Recorded data START

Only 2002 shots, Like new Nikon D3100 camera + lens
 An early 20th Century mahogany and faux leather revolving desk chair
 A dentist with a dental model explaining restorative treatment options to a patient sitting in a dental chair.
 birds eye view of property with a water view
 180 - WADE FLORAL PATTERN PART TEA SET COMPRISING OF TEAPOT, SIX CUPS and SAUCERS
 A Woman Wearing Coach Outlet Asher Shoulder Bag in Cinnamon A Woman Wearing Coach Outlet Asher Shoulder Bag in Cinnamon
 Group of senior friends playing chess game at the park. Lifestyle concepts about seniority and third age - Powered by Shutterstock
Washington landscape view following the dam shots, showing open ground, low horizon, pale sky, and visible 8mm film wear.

Recorded data END

**What you have to do**. Print each line, starting with the one that contains "A dentist with" and ending with the last line of the data, exactly as it stands and with no other lines.

**Answer section**.
 A dentist with a dental model explaining restorative treatment options to a patient sitting in a dental chair.
 birds eye view of property with a water view
 180 - WADE FLORAL PATTERN PART TEA SET COMPRISING OF TEAPOT, SIX CUPS and SAUCERS
 A Woman Wearing Coach Outlet Asher Shoulder Bag in Cinnamon A Woman Wearing Coach Outlet Asher Shoulder Bag in Cinnamon
 Group of senior friends playing chess game at the park. Lifestyle concepts about seniority and third age - Powered by Shutterstock
Washington landscape view following the dam shots, showing open ground, low horizon, pale sky, and visible 8mm film wear.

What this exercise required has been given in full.